Nós, povo Indígena do Xingu, vimos por meio deste, manifestar toda nossa indignação e angústia diante de decisão liminar proveniente do Tribunal, na qual foi permitida a continuidade da obra da Pequena Central Hidrelétrica de Paranatinga II até a produção de decisão de mérito sobre a questão. A comunidade indígena se vê ameaçada por esta realidade alarmante que reflete uma política governamental focada em interesses da elite econômica, a qual vai flagrantemente de encontro aos direitos sócio-ambientais constitucionalmente assegurados. É desesperadora a perspectiva dos graves impactos que serão gerados se a PCH Paranatinga II vier a se efetivar. Somos Povos da Floresta e a relação de respeito que mantemos com meio ambiente propicia a manutenção da vida e da biodiversidade. A tão falada sustentabilidade, que os não-índios colocam como fundamental à sobrevivência e a existência das próximas gerações, mas poucos fazem para efetivar, foi por nossos antepassados, e é por nós, naturalmente buscada, pois nossos modos e cultura não se pautam por práticas degradantes, visando interesses utilitaristas de uma classe, e sim ações que atendam aos interesses do coletivo e que não ocasionem danos ao meio natural que nos envolve e nós fornece toda a riqueza que necessitamos para viver. Logo, contraditório nos parece, que o Estado Brasileiro, do qual fazemos parte, realize ou legitime práticas que atentam contra a existência de nossa coletividade. Nossa diversidade e sua contribuição para a vida no Planeta não é reconhecida e respeitada. Apesar do ordenamento jurídico nacional e internacional determinar o dever estatal de proteção das comunidades indígenas o modo de vida do homem branco é colocado como referencial e a as diferenças são vistas como ameaças a serem, aos poucos, eliminadas.
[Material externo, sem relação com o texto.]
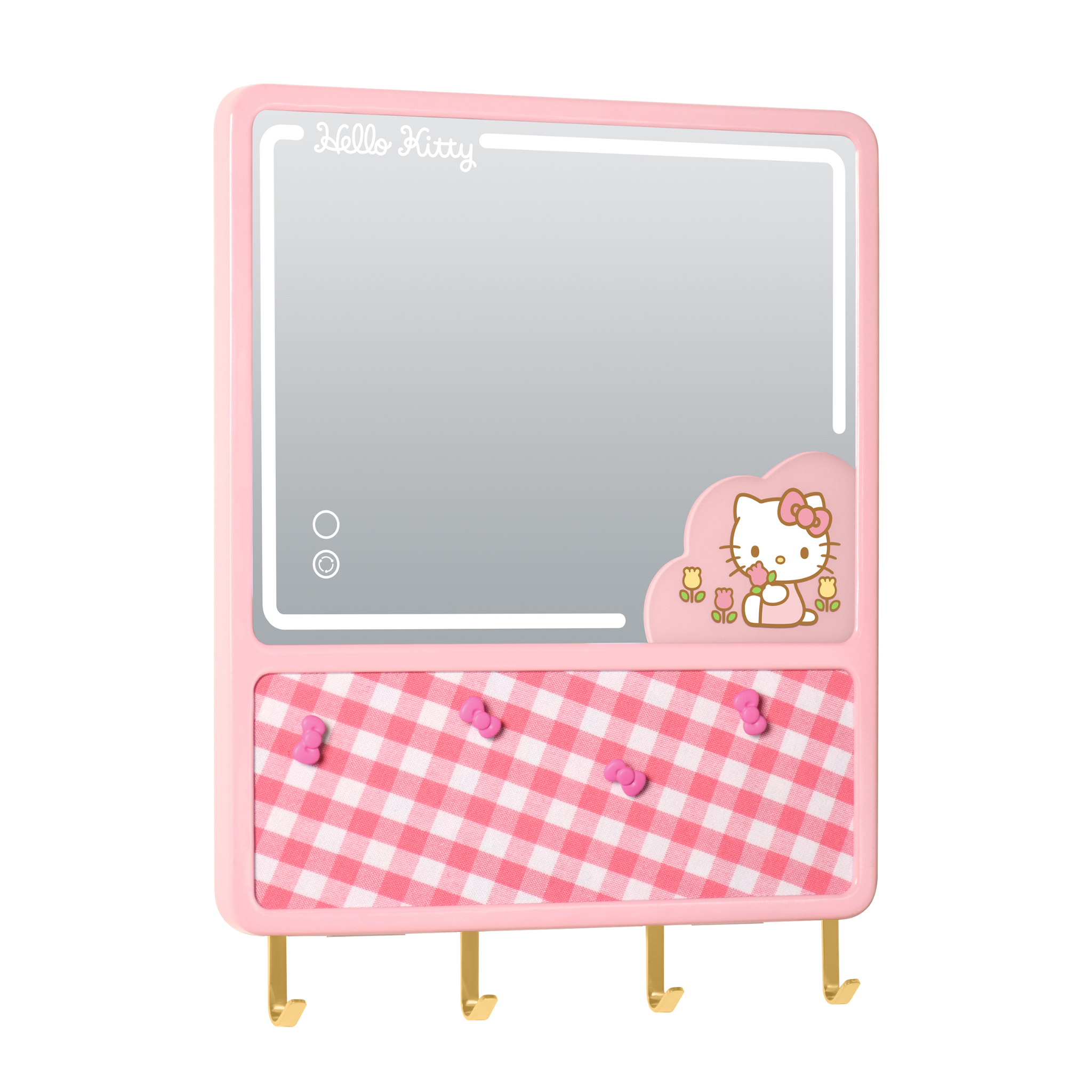 Hello Kitty® "Blossom" LED Vanity Pinboard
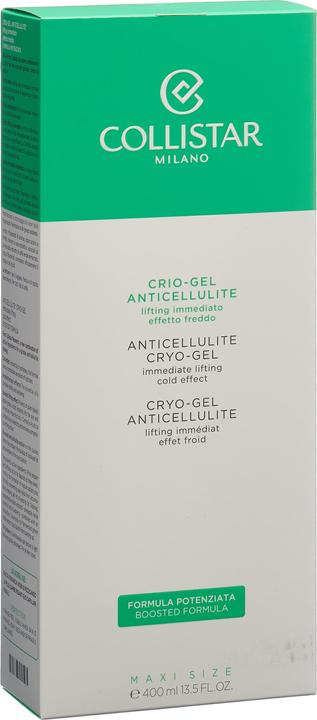 Produktbild Collistar Cryo Gel (Körpercreme, 400 ml)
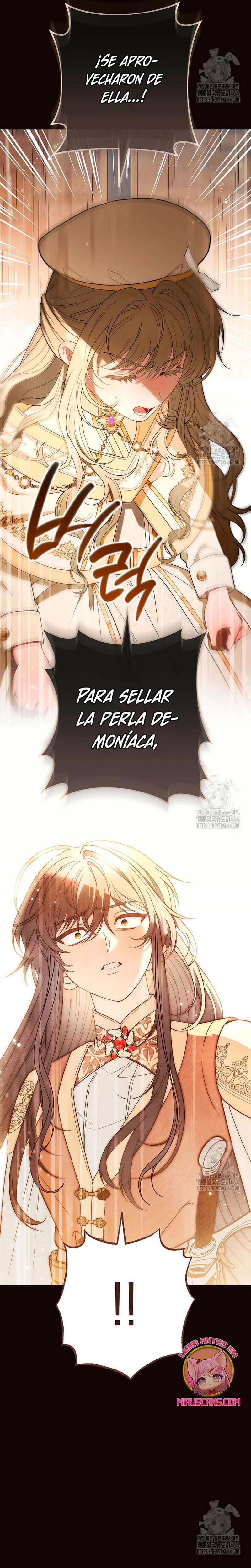 Te escuché decir: “Muérete” Capítulo 6 - Página 33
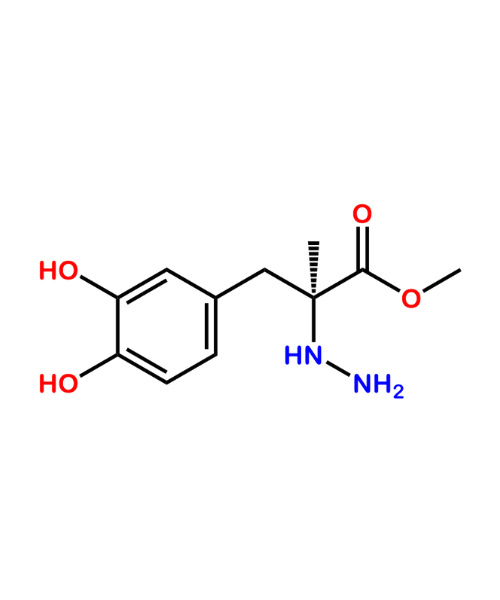 (S)-Carbidopa Methyl Ester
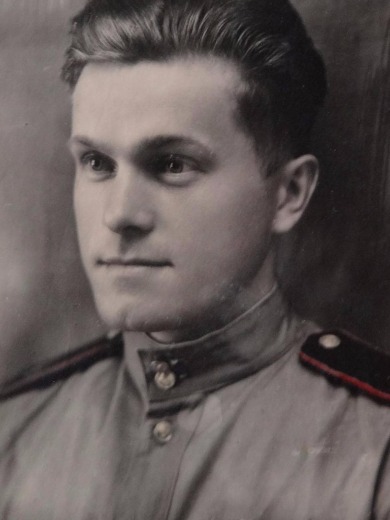 Константинов Борис Николаевич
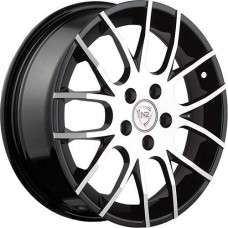 Диск R15 5x105 6J ET39 D56,6 NZ Wheels F-38 BKF Диск R15 5x105 6J ET39 D56,6 NZ Wheels F-38 BKF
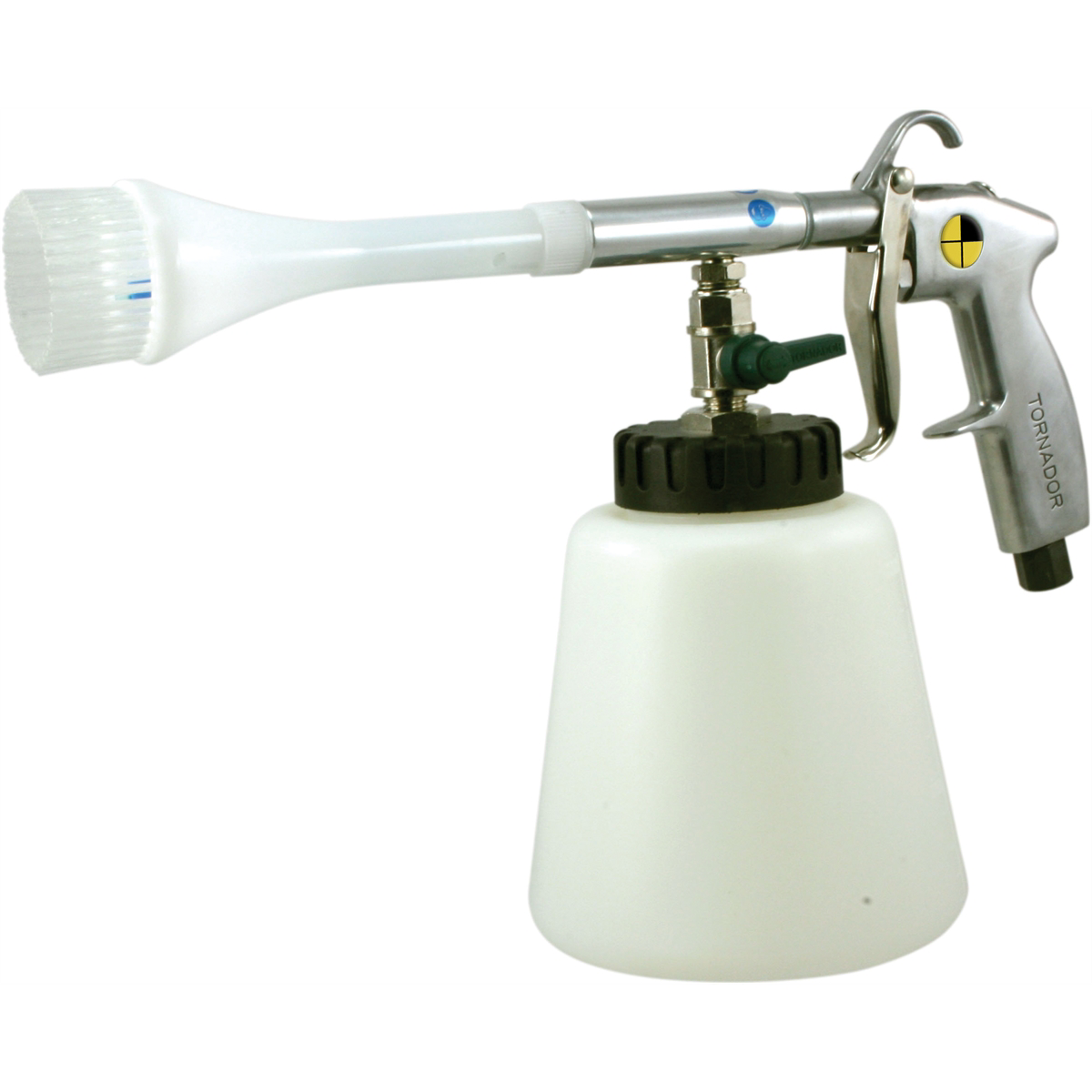 Dent Fix TORNADO PULSE CLEANER W/ BRUSH & RESERVOIR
Lutamos contra este estado de coisas.

Os gritos do Xingu devem ser ouvidos! 

Temos o direito de participar e decidir sobre projetos que interfiram em nossas terras, em nossas culturas, em nossas crenças, em nosso modo de vida.

  • Não queremos que o Rio Kuluene seja poluído com o óleo eliminado pelas
    turbinas.
  • Não queremos que os peixes desapareçam devido à barreira artificial que está sendo construída e que impedirá a subida de inúmeras espécies, que fazem parte da dieta alimentar do povo Xinguano;
  • Não queremos ter nosso regime alimentar fique comprometido pela falta dos peixes;
  • Não queremos o restante da fauna terrestre desapareça;
  • Não queremos que espécies da flora desapareçam;
  • Não queremos que o local ‘sagrado’ do primeiro surgimento de Kuarup seja
    inundado;
  • Não queremos uma obra que está voltada para os interesses de um empresariado que somente objetiva acumular riquezas às custas da morte.

NÃO QUEREMOS A PCH PARANATINGA II!

E sim queremos que a Constituição Federal, a Convenção n° 169 da OIT e a Carta da Terra, com seu conjunto de Princípios ­ entre eles, Princípio do Direito à Vida Saudável, Princípio da Dignidade, Princípio da Participação social, Princípio do Respeito à Diversidade, Princípio da

Proteção do Meio ambiente-, sejam efetivadas!

Somos povos resistentes!

São mais de cinco séculos de opressão, fruto da estupidez do homem branco que desconsidera que diversidade é evolução.

Continuaremos na luta! 

Finalizamos esta carta atentando para a responsabilidade e o compromisso do Poder Judiciário com a Justiça Social, a fim de que práticas abusivas e desumanas não se tornem lugar comum em nosso País.

Amigos e amigas, autoridades do País, defensores da Natureza, solicitamos apoio de todos para preservamos juntos a nossa grande riqueza: rios, matas, peixes e flora do nosso país que resta de pouco em nossa reserva do Parque do Xingu.

Por favor, nos ajude!

Por favor, divulguem esta carta.

COMISSÃO INDÍGENA DO MOVIMENTO DO PARQUE DO XINGU agradece desde peloapoio de todos e solidariedade.